Anne Bancroft compiled a book called The Pocket Buddha Reader, which includes the following quote (pp. 113-114):
Sakka asked the Buddha: “Do different religious teachers head for the same goal or practice the same disciplines or aspire to the same thing?”
“No, Sakka, they do not. And why? This world is made up of myriad different states of being, and people adhere to one or another of these states and become tenaciously possessive of them, saying, ‘This alone is true, everything else is false.’ It is like a territory that they believe is theirs. So all religious teachers do not teach the same goal or the same discipline, nor do they aspire to the same thing.”

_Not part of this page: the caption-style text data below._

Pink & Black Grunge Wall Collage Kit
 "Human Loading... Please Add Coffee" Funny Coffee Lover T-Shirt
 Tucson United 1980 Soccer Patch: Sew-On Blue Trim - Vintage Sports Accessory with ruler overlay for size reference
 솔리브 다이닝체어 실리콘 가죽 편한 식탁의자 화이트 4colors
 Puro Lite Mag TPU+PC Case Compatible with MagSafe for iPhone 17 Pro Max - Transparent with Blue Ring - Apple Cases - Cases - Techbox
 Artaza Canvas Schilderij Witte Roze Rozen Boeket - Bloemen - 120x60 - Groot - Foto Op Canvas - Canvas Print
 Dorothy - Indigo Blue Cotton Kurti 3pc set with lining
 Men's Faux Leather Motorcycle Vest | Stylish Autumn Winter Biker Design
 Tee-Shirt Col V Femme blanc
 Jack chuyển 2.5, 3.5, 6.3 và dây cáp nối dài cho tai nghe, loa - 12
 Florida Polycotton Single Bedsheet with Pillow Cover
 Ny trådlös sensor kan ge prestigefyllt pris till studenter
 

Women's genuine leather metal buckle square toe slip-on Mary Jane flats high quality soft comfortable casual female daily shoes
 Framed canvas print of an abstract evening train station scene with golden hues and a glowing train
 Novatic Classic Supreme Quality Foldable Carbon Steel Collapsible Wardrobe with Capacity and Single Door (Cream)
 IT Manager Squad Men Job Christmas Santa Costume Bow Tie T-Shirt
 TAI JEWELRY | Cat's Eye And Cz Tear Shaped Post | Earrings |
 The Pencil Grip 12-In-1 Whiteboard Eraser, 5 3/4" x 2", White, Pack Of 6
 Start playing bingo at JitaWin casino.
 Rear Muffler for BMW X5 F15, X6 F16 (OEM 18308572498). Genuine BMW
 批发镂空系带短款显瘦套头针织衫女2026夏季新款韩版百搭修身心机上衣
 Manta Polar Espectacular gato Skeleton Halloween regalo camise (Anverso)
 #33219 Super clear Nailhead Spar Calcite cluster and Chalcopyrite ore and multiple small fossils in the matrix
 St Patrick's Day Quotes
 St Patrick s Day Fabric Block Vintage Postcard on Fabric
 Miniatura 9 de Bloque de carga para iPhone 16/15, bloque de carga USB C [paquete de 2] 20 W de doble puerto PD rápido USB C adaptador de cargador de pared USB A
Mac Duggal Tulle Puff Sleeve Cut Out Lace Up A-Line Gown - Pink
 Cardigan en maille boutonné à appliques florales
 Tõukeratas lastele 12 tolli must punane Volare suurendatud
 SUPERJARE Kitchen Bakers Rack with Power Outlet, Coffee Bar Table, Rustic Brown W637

“But if you find truth in any religion or philosophy, then accept that truth without prejudice.” —Digha Nikaya
The last line concerns me because it does not appear in the original source; it seems to have been added in by the author without justification. I would advise people to check this ‘popularized’ version of the quote from the Digha Nikaya 21 (aka the Sakka-pañha Sutta) against non-commercialized translations, such as the ones available at Access to Insight or Wikipitaka. In those more reliable sources, you will not find Buddha saying “accept truth from all religions and philosophies” or any words to that effect. Actually, quite the opposite! Here, Buddha unequivocally states that the world’s religions do not all teach the same thing.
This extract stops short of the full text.